L’économie circulaire textile : recyclage, collecte et écoconception

L’économie circulaire textile : recycler pour mieux produire

L’industrie textile est la deuxième plus polluante au monde après le pétrole. Elle consomme 93 milliards de m³ d’eau par an, émet 1,2 milliard de tonnes de CO₂ et produit 92 millions de tonnes de déchets textiles. Face à ces chiffres, l’économie circulaire textile propose un modèle alternatif : prolonger la durée de vie des vêtements, recycler les fibres usagées et concevoir des produits destinés dès l’origine à être réutilisés ou recyclés.

Les piliers de la circularité textile

La collecte et le tri

En France, 239 000 tonnes de textiles usagés ont été collectées en 2023, soit 3,6 kg par habitant. L’éco-organisme Refashion (ex-Eco-TLC) coordonne la filière. Les textiles collectés sont triés en trois catégories : réemploi (55 à 60 %, revendu en friperies ou exporté), recyclage (30 à 35 %, transformé en chiffons industriels, isolants ou fibres régénérées), et valorisation énergétique (5 à 10 %, incinéré avec récupération de chaleur). Le taux de collecte atteint 38 % des textiles mis sur le marché, l’objectif étant 50 % d’ici 2028.

Le recyclage mécanique

Le recyclage mécanique consiste à effilocher les textiles usagés pour récupérer les fibres et les re-filer. Cette technique, ancienne (les effilochages de Mazamet dans le Tarn fonctionnent depuis le XIXe siècle), est adaptée aux textiles monomatière. Le coton recyclé mécaniquement perd 20 à 30 % de sa longueur de fibre, ce qui nécessite de le mélanger avec des fibres vierges (30 à 50 % de recyclé maximum). La laine se recycle mieux grâce à la longueur de ses fibres : le shoddy (laine recyclée) entre dans la fabrication de couvertures, de feutres et de matériaux d’isolation.

Le recyclage chimique

Le recyclage chimique dépolymérise les fibres synthétiques pour récupérer les monomères et produire des fibres neuves de qualité équivalente à la matière vierge. Le polyester recyclé (rPET) issu de bouteilles plastiques est déjà courant, mais le recyclage textile-to-textile en polyester progresse. Pour le coton, des procédés comme ceux de Renewcell (Circulose) ou Infinited Fiber dissolvent la cellulose pour produire une fibre régénérée comparable au lyocell. Ces technologies, encore en phase d’industrialisation, annoncent des capacités de traitement de 50 000 à 100 000 tonnes par an d’ici 2027.

L’écoconception

L’économie circulaire commence dès la conception du vêtement. L’écoconception impose de choisir des matières recyclables (monomatière de préférence), de limiter les mélanges de fibres (un t-shirt 100 % coton se recycle, un mélange coton-polyester non), de réduire les accessoires difficiles à séparer (zips métalliques, boutons non textiles) et d’optimiser les patronages pour limiter les chutes de coupe (qui représentent 15 à 20 % du tissu dans la confection traditionnelle).

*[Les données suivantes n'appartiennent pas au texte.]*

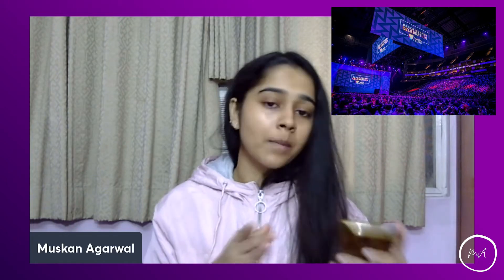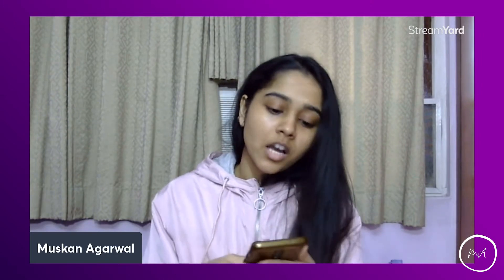Hello everyone, this is Muskaan. In this video I'll be discussing the application procedure of GHC. I initially thought of doing one video covering the application procedure, essays, and my experience, but it would cross one hour. So instead I'll make it a series. This is the first part on the application procedure; part two will cover essays and resumes tailored to GHC, and part three will be my experience at GHC.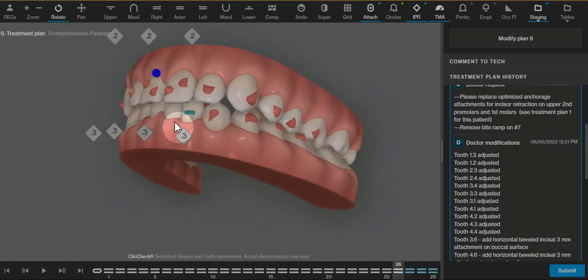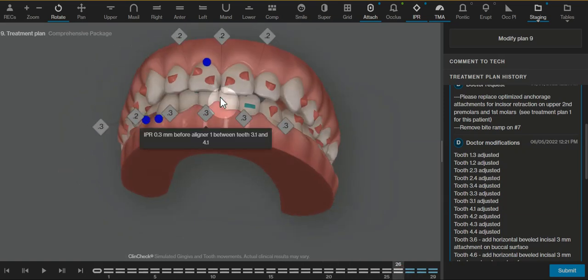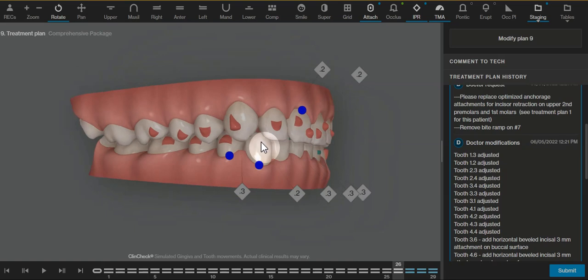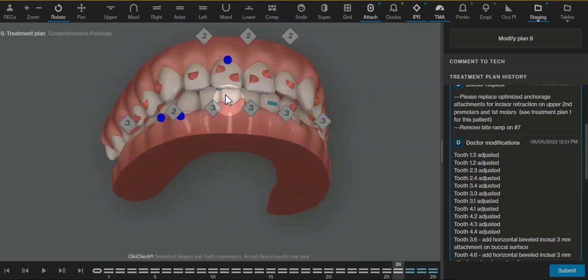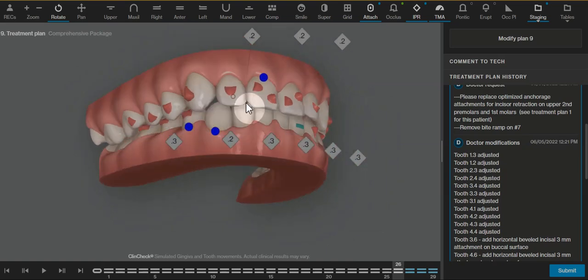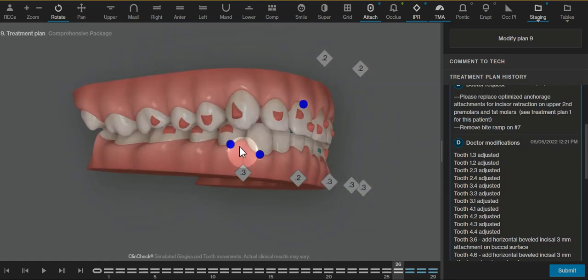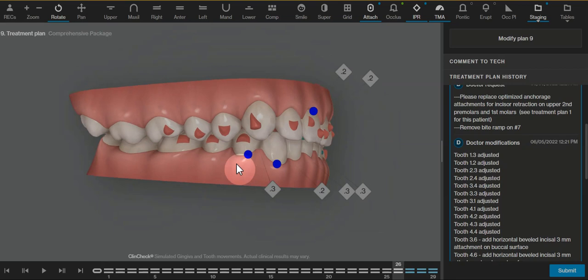This is a ClinCheck that is set up to just close all of the spaces and leave a sufficient amount of overjet to expect it to function well without having a posterior open bite from an anterior interference.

La réglementation européenne accélère cette transition. La directive ESPR (Ecodesign for Sustainable Products Regulation) imposera à partir de 2027 un passeport numérique pour chaque vêtement, traçant sa composition, son origine et sa recyclabilité. En France, la loi AGEC (Anti-Gaspillage pour une Économie Circulaire) interdit la destruction des invendus textiles depuis 2022 et impose des bonus-malus sur l’éco-contribution selon la recyclabilité des produits.